Group Exhibition
Writings Without Borders
curated by Hervé Mikaeloff
21 May - 20 July 2013
Opening Reception: Tuesday, 21 May, 6-9 PM
Hong Kong, 8 May 2013—Lehmann Maupin, Hong Kong is pleased to announce that renowned international curator Hervé Mikaeloff has organized a dynamic group show featuring a selection of Eastern and Western contemporary artists exploring notions of language. The show, entitled Writings Without Borders, will highlight a wide variety of artistic styles, ranging from painting, drawing, photography, embroidery, and neon, by Tracey Emin, Teresita Fernández, He An, Shirazeh Houshiary, Idris Khan, Barbara Kruger, Eko Nugroho, Pak Sheung Chuen, Robin Rhode, Tsang Kin-wah, and Zheng Guogu.
To write could be defined as the action of transferring a word, a thought, an idea, a story, a dream from an undefined state to the fixity of a graphic sign. Writing can be the expression of a gesture (drawing, painting, dripping…), a way to keep a trace of the past (history and memory), an intimate biographical testimony, or a public announcement. It is also the place of several types of contradictions: civilization of sign and that of the image, mystery and clarity, the indecipherable and the revealed, symbolism and meaning. Writing as language is also a central question in the relationships between different cultures and civilizations, particularly Eastern and Western.

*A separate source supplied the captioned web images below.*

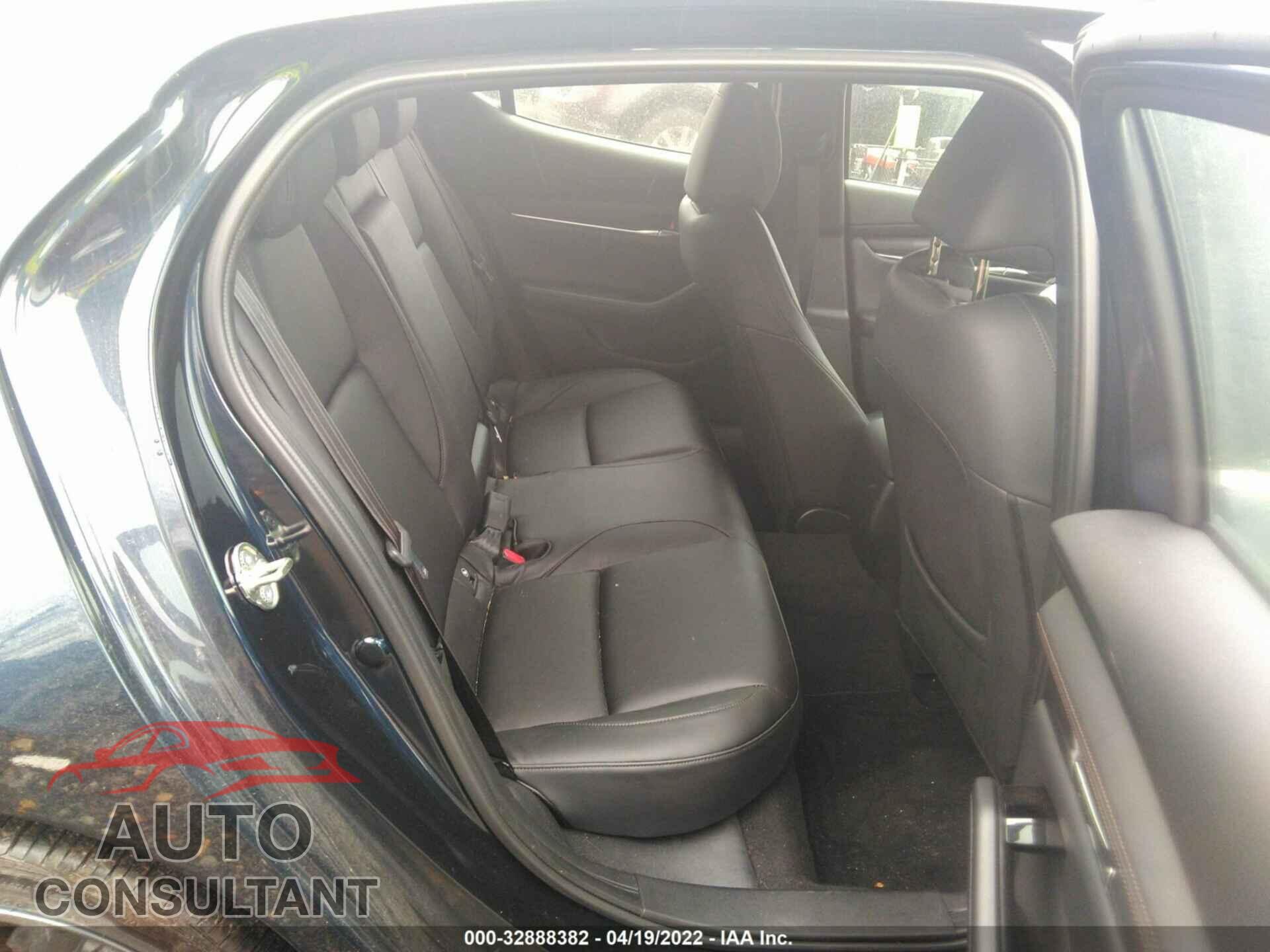 MAZDA MAZDA3 HATCHBACK 2020 - JM1BPBMM4L1155775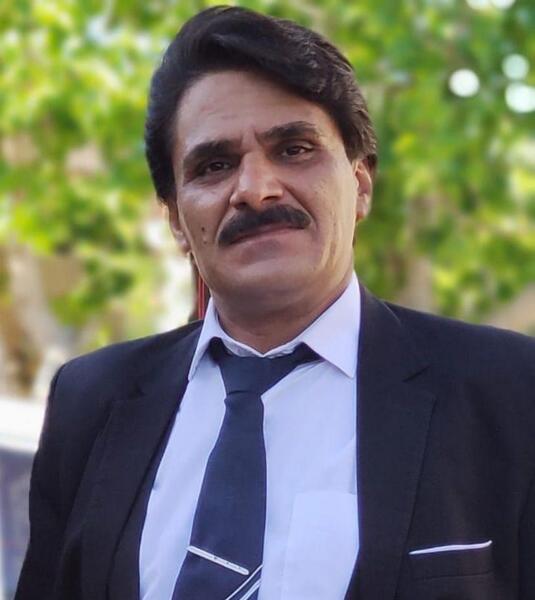 عکس سجاد آزادواری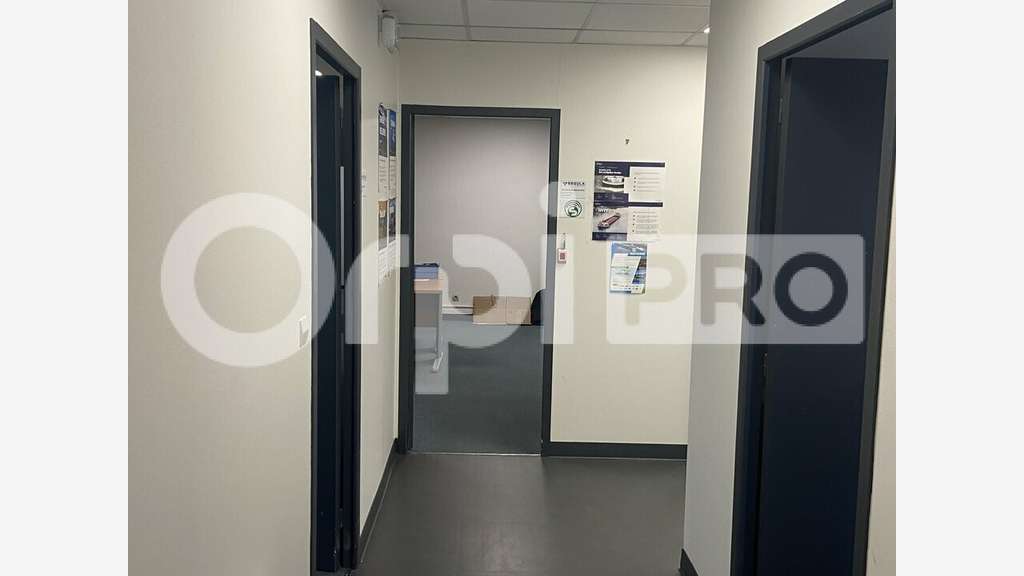 Bureaux 494m² à louer au Havre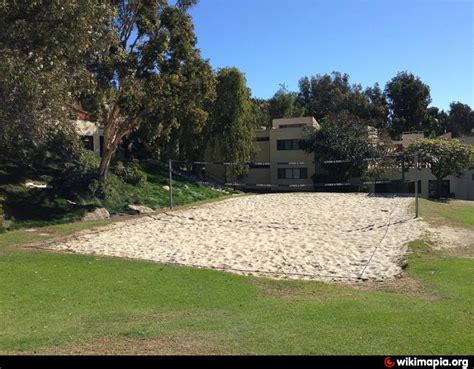 Sand Volleyball Court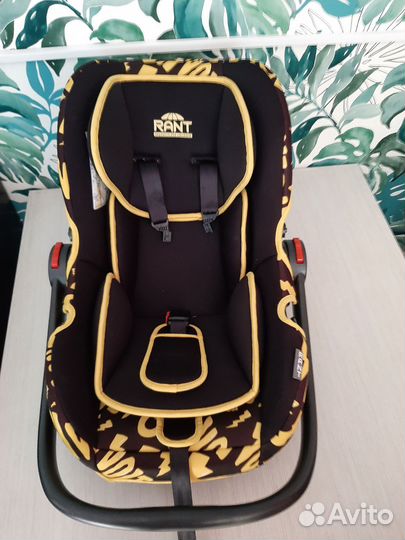 Автолюлька от 0 до 13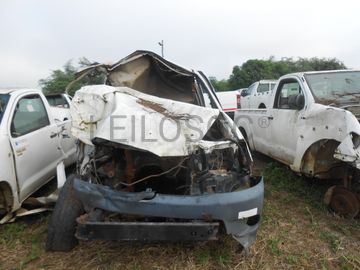 Pickup S/Cab 4x4 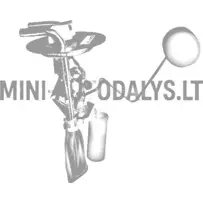 Degvielas tvertnes pludiņš Aixam 1997-2004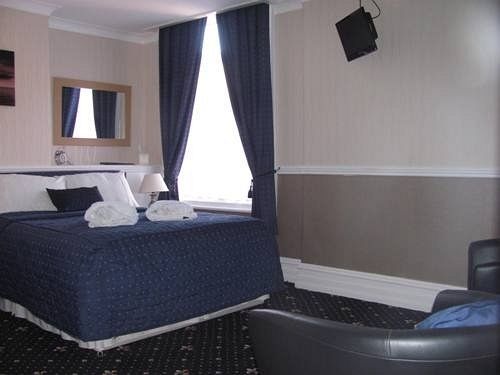 Branston Lodge Blackpool Exterior photo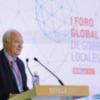 EL ALCALDE DE SEVILLA ANUNCIA EN EL FORO LA CREACIÓN DE UNA “RED GLOBAL De MUNICIPIOS”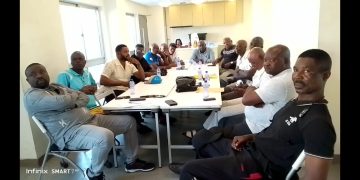 Taekwondo WT:Maître Derick Swata de S.D sports éclaire sur la deuxième édition de l&rsquo;Open des jeunes pratiquants prévue du 18 au 19 Avril 2026 au Centre Sportif Judo de la police.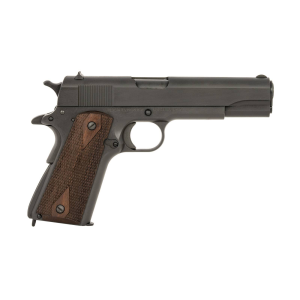 Tisas USA 1911A1 US Army 9, 9mm, 5 Barrel, 2- 9rd Magazines, Pistol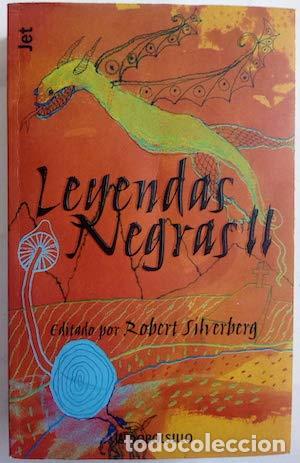 Libros de segunda mano: Leyendas Negras 2 - Robert Silverberg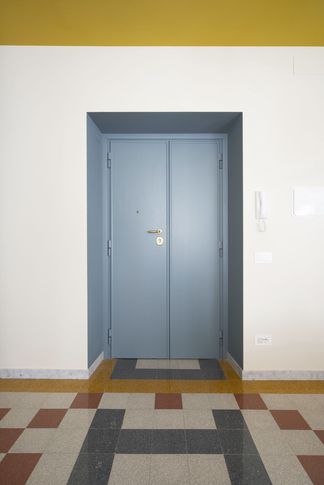 Ingresso in stile contemporaneo di 8 di Lascia la Scia Ingresso in stile contemporaneo di 8 di Lascia la Scia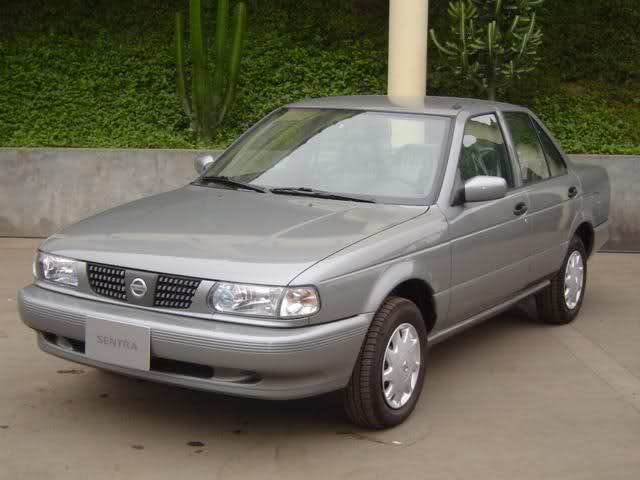 Nissan Sentra V16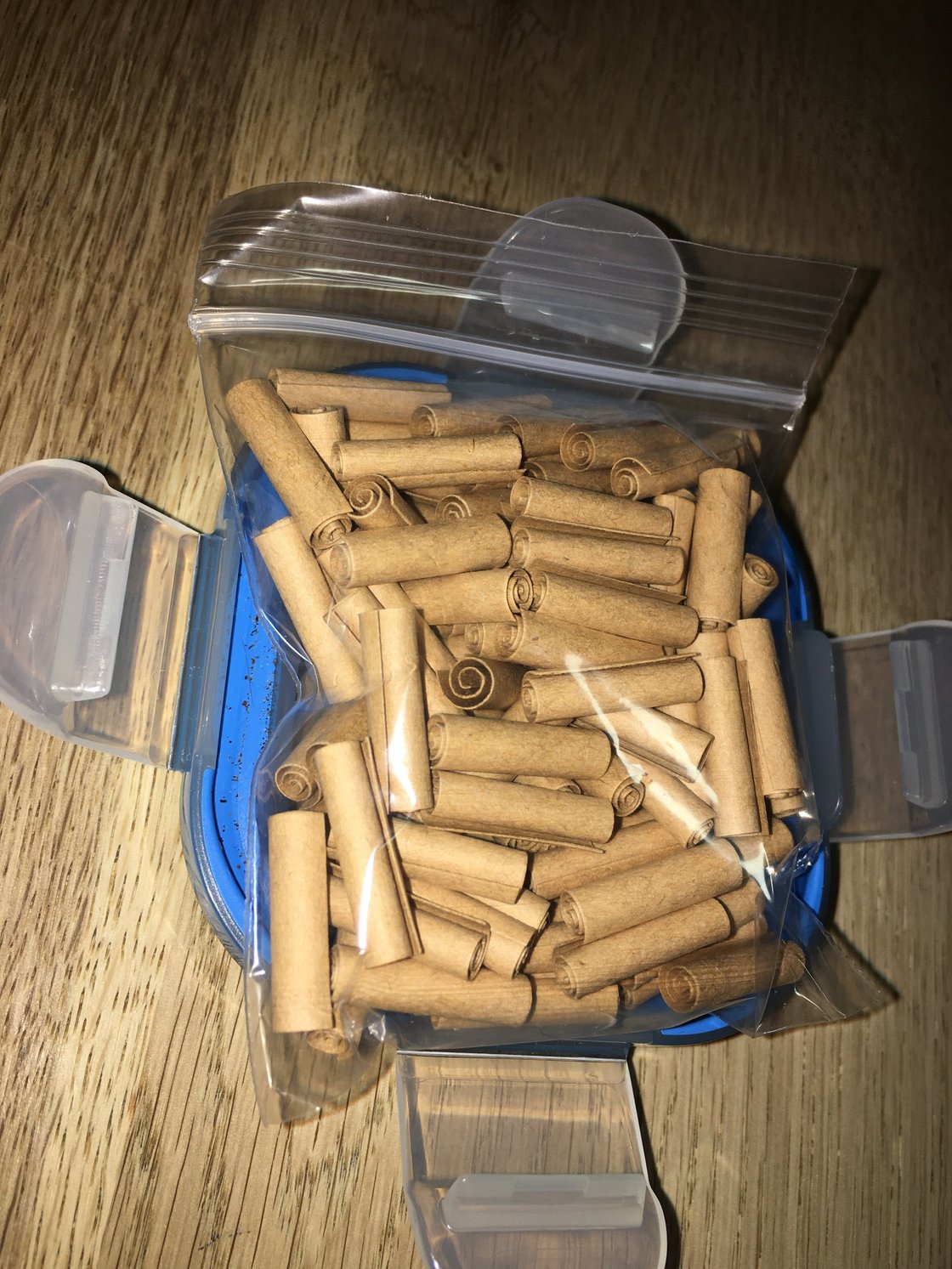 Image of Raw Style Roach 100 Pre-rolled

Both in the East and West, artists play with their respective alphabets, words and phrases, using writings, imprints, signs and traces. For some of them, art is simply language. Traditionally in China, there is also an idea of equivalence between art and writing. Drawing and painting belong to Chinese language and writing. During the 20th century, the heritage of calligraphy almost disappeared and finally reemerged as a strong artistic expression more than 25 years ago, whether it is used for formal exploration or for social and political criticism.
In Writings Without Borders, artists from very different countries and origins come together with their own approach to writing and the universal themes that relate to it. In many cultures such as Arabic or Chinese, calligraphy is used as a path to meditation and poetry like in Shirazeh Houshiary’s practice of painting, in which she layers calligraphic script until it effectively dissolves into abstraction. Idris Khan also refers to this tradition with his monochrome works stamped repeatedly with words resulting in almost indecipherable layers, fading like traces in our memory.
In her “Night Writing” series, Teresita Fernández references “Ecriture Nocturne,” an early type of encoded writing similar to Braille invented in the early 19th century to help soldiers to communicate in the dark. Engraving the gallery wall with the word ‘moon,’ Hong Kong artist Pak Sheung Chuen reveals the potential of sign as a visual language to reveal unexpected connections when translated from English to Chinese.
Two other artists from the same region share this conceptual approach to writing: Tsang Kin-wah and Zheng Guogu. Using decorative qualities of calligraphy, Tsang Kin-wah combines the beauty of floral ornamentation with crude words spelling out the physical, sexual, and material obsessions of our contemporary world. This concern is echoed in a painting by Zheng Guogu showing scripts of various logos and advertisements with Hong Kong’s famous Pedder Street in the background. The confrontation of words and images is represented in the work of another major artist, Barbara Kruger, who utilizes both to criticize consumer culture and our fascination for mass media.
From the public to the intimate, Indonesian artist Eko Nugroho has based his snapshot embroideries series on the photographs he takes from the streets of a foreign city or at home in his studio as a documentation of his every day life like a personal dairy. The relation between public and private is also tested by Tracey Emin and He An, both of whom use neon writings as a visual poetry to express their emotions. Another form of poetry from the street is present in the works of South African artist Robin Rhode who brings together body and sign in a choreographic gesture.